[WORK ITEM]: Pictures excluded, reproduce exactly the lines below from the one with "サンバーバン ＶＢ　４ＷＤ　エアコン　パワステ　ラジオ（3枚目）" through the one with "Flap Tank Cap Cover Mountain Grey Metallic 787 to", both included.
*** INPUT DATA Section Begins ***
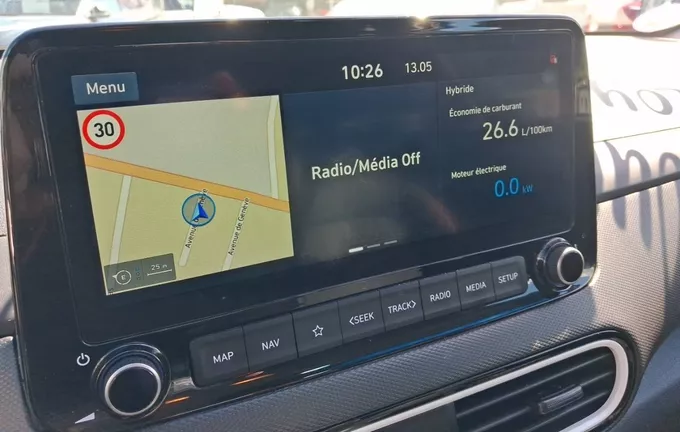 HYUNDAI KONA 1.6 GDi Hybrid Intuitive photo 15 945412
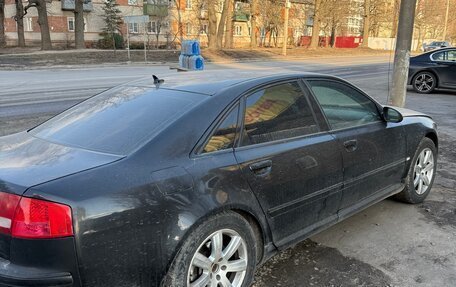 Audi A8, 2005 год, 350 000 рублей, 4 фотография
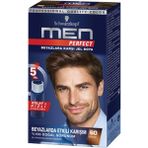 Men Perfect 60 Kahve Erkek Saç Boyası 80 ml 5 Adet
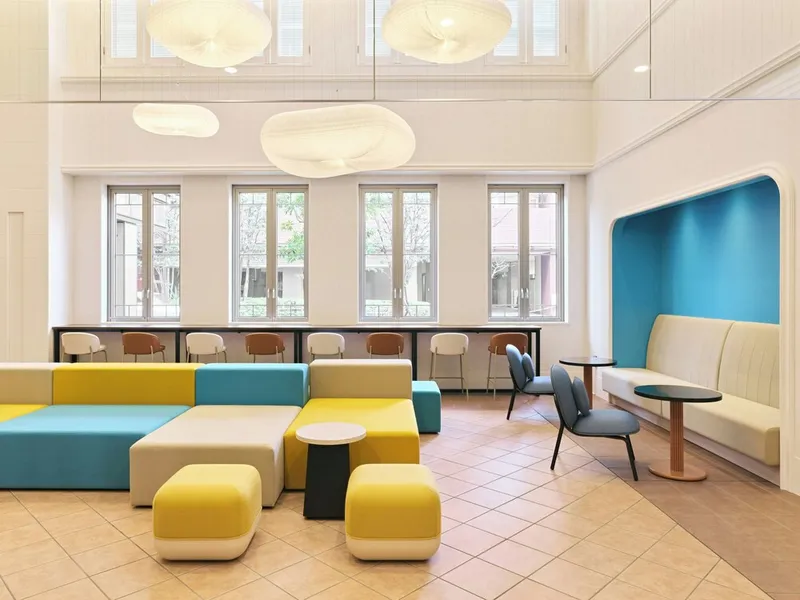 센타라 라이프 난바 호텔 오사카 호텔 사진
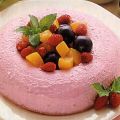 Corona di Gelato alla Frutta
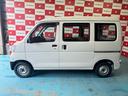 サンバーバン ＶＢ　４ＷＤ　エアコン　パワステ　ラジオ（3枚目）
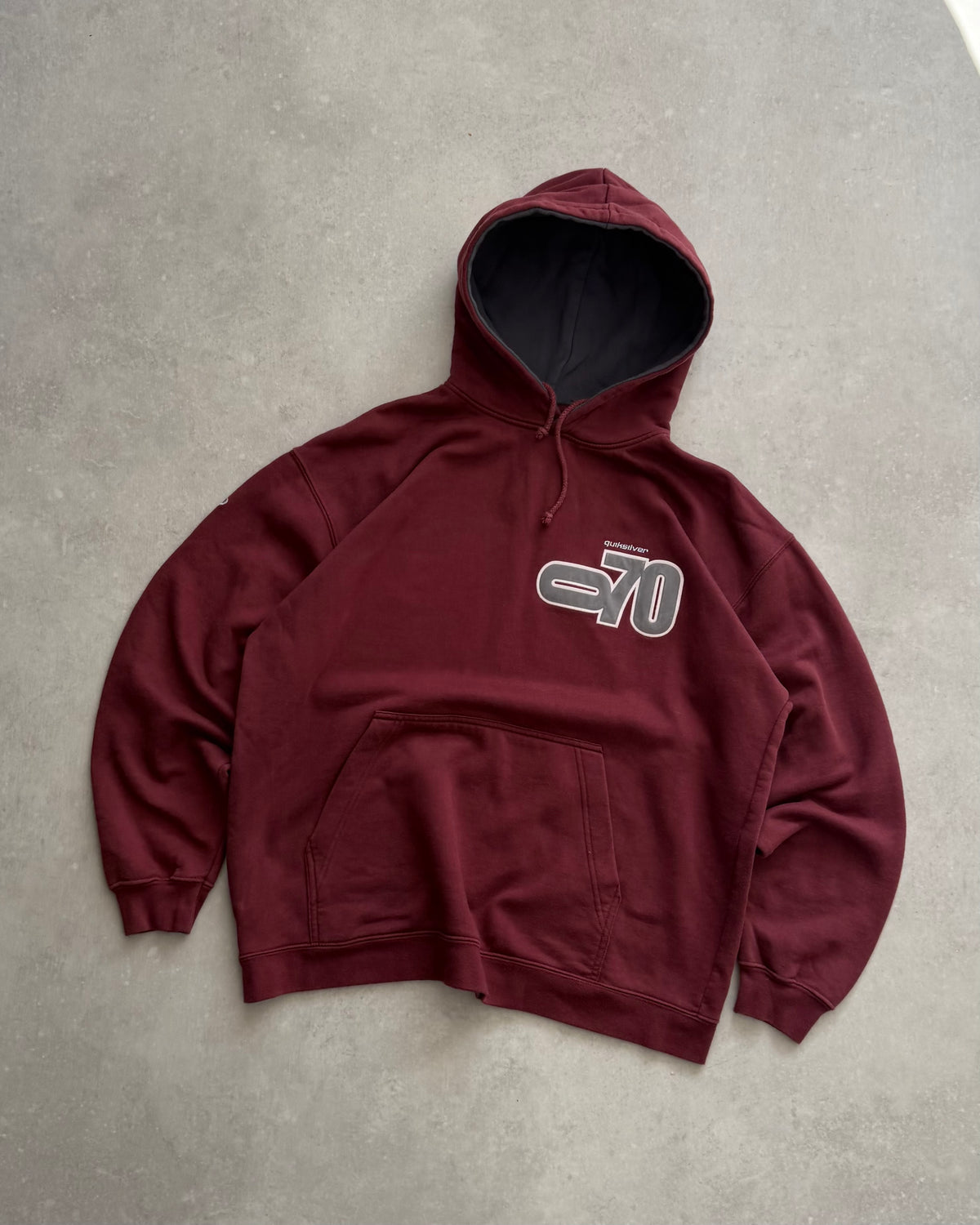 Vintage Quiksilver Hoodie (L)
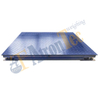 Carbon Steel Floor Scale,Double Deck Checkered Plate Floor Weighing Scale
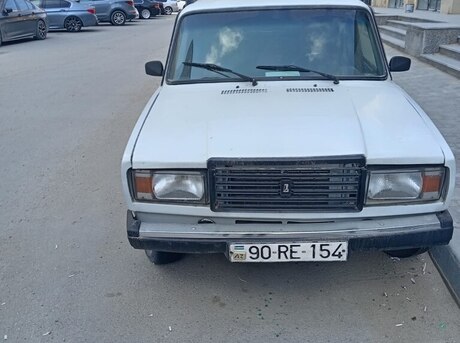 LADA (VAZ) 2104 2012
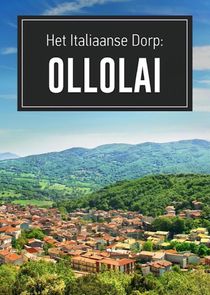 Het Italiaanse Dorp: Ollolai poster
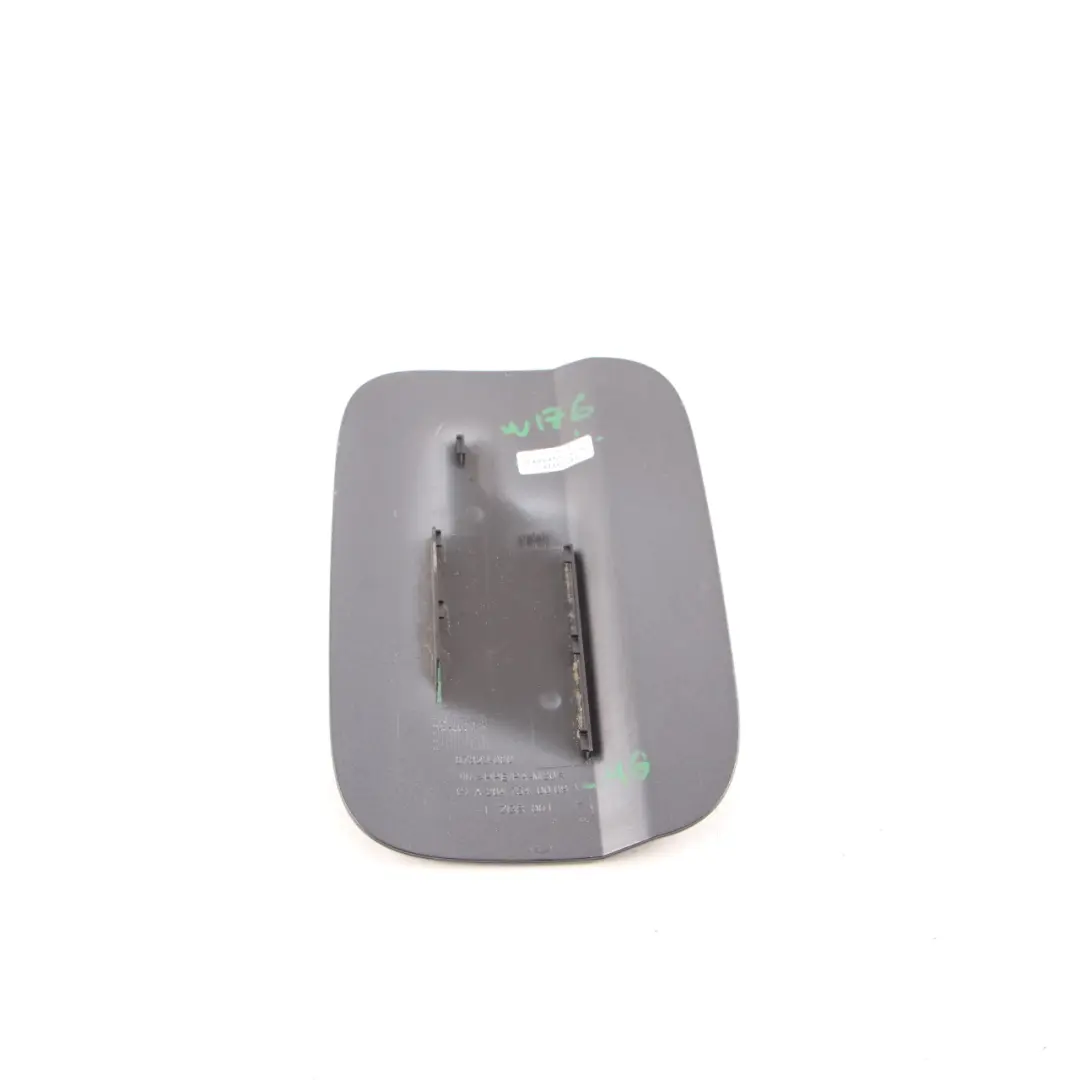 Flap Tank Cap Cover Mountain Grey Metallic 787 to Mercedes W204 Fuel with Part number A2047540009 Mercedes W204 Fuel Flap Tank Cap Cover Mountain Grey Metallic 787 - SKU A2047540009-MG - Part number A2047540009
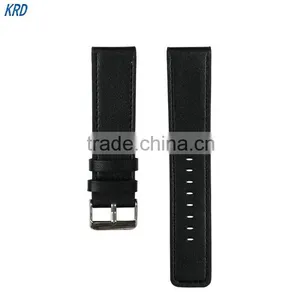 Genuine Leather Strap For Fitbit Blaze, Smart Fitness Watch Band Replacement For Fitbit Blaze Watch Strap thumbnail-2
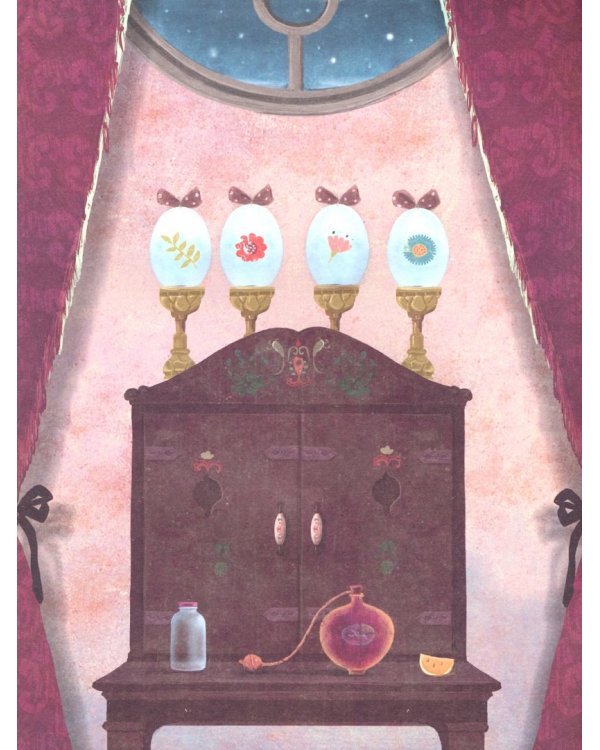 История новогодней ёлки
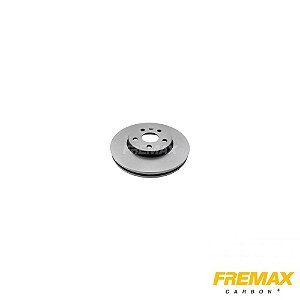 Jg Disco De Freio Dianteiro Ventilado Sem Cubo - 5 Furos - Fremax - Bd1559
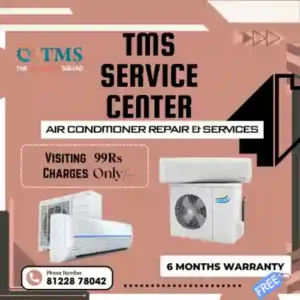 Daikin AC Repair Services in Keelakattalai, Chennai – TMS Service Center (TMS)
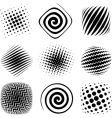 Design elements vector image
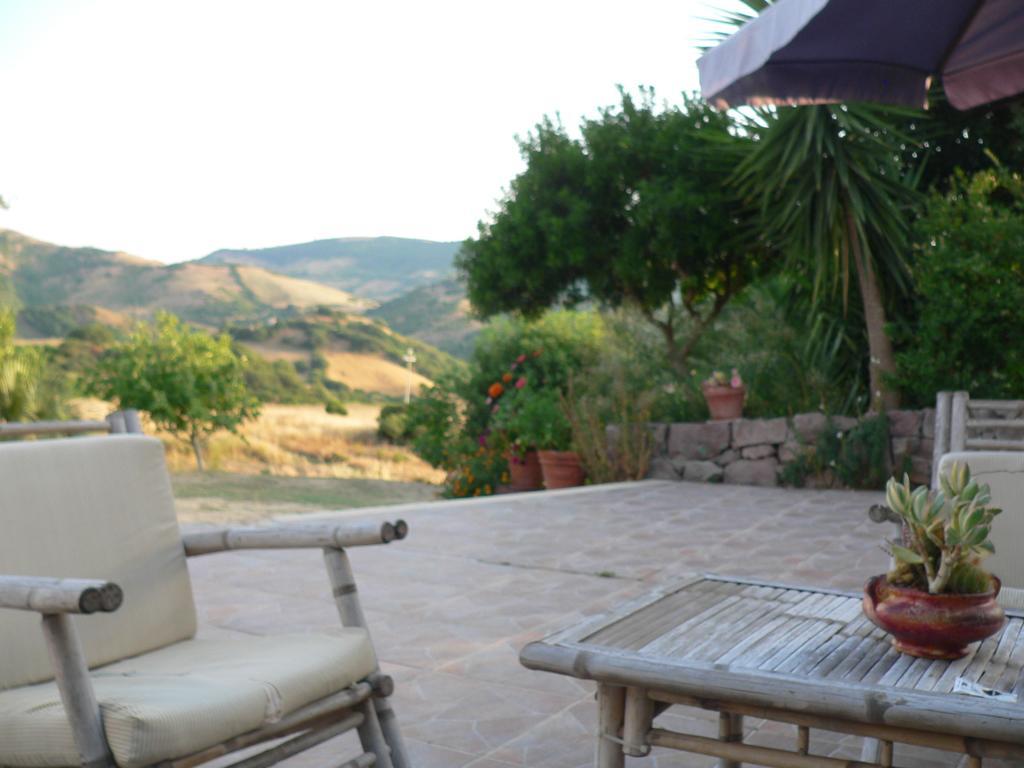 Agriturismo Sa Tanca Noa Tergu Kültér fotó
*** INPUT DATA Section Ends ***
[ANSWER SPACE]:
 サンバーバン ＶＢ　４ＷＤ　エアコン　パワステ　ラジオ（3枚目）
 Vintage Quiksilver Hoodie (L)
 Carbon Steel Floor Scale,Double Deck Checkered Plate Floor Weighing Scale
 LADA (VAZ) 2104 2012
 Het Italiaanse Dorp: Ollolai poster
 Flap Tank Cap Cover Mountain Grey Metallic 787 to Mercedes W204 Fuel with Part number A2047540009 Mercedes W204 Fuel Flap Tank Cap Cover Mountain Grey Metallic 787 - SKU A2047540009-MG - Part number A2047540009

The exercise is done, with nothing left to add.